Les jeunes femmes s’expriment avec une langue standardisée, dénuée de l’oralité adolescente et des inflexions sociales. L’effet est troublant : on entend les scénaristes plutôt que les personnages. Là où un Dolan fait du parler québécois une texture, où un Loach s’appuie sur le cockney pour ancrer le récit, les Dardenne gomment l’accent et polissent les voix. Ce choix, sans doute destiné à élargir le marché, prive le film d’une vérité sonore pourtant au cœur de leur cinéma depuis La Promesse.
La caméra, fidèle à la grammaire des Dardenne, continue de chercher la proximité physique. Mais ce dispositif, autrefois garant d’une frontalité éthique, sonne ici comme une signature vidée de nécessité. L’attention portée aux gestes du soin (nourrir, baigner, endormir) pourrait révéler la charge politique de l’intime, mais se réduit trop souvent à une illustration sage.

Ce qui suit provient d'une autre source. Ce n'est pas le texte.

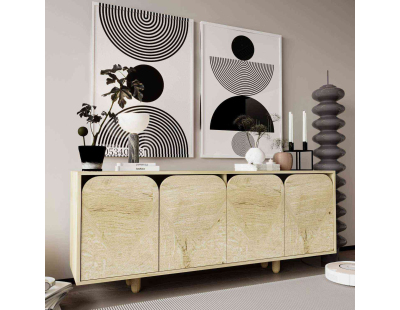Buffet 4 portes en aggloméré Lazio Bohem (Chêne)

La maison maternelle est filmée comme un lieu protecteur, presque idyllique, alors même que sa fragilité structurelle est évidente. Les éducatrices apparaissent comme des figures de soutien infaillibles, réduites à leur fonction bienveillante. Ce cadrage neutralise toute ambivalence : l’institution, au lieu d’être interrogée dans ses contradictions, est sanctifiée, comme si elle absorbait toute conflictualité.
Où me situer ?
Je ne crois pas à ce film. Non parce que le sujet manquerait d’importance, mais parce que la mise en forme trahit ce qu’il prétend observer. Je reconnais le courage de vouloir déplacer leur cinéma vers d’autres corps, d’autres voix, mais ce déplacement échoue : le collectif est réduit à des figures schématiques, le réalisme est affaibli par une langue trop propre et de ma récitation, et l’optimisme affiché sonne comme une concession.
Quelle lecture en tirer ?
Jeunes mères révèle, malgré lui, le paradoxe d’un cinéma social qui craint de choquer. Les Dardenne, en adoucissant leur geste, montrent à quel point leur radicalité était constitutive de leur force. Ici, tout se joue en surface : un décor d’institution, des figures de jeunes mères, une bienveillance diffuse. Il reste l’impression d’un film utile par son sujet, mais inutile par sa forme. Au sortir de la projection, je n’ai pas le sentiment d’avoir rencontré des vies, mais d’avoir feuilleté un dossier pédagogique. Et c’est bien ce qui me fait juger ce film, non pas raté par maladresse, mais raté par choix.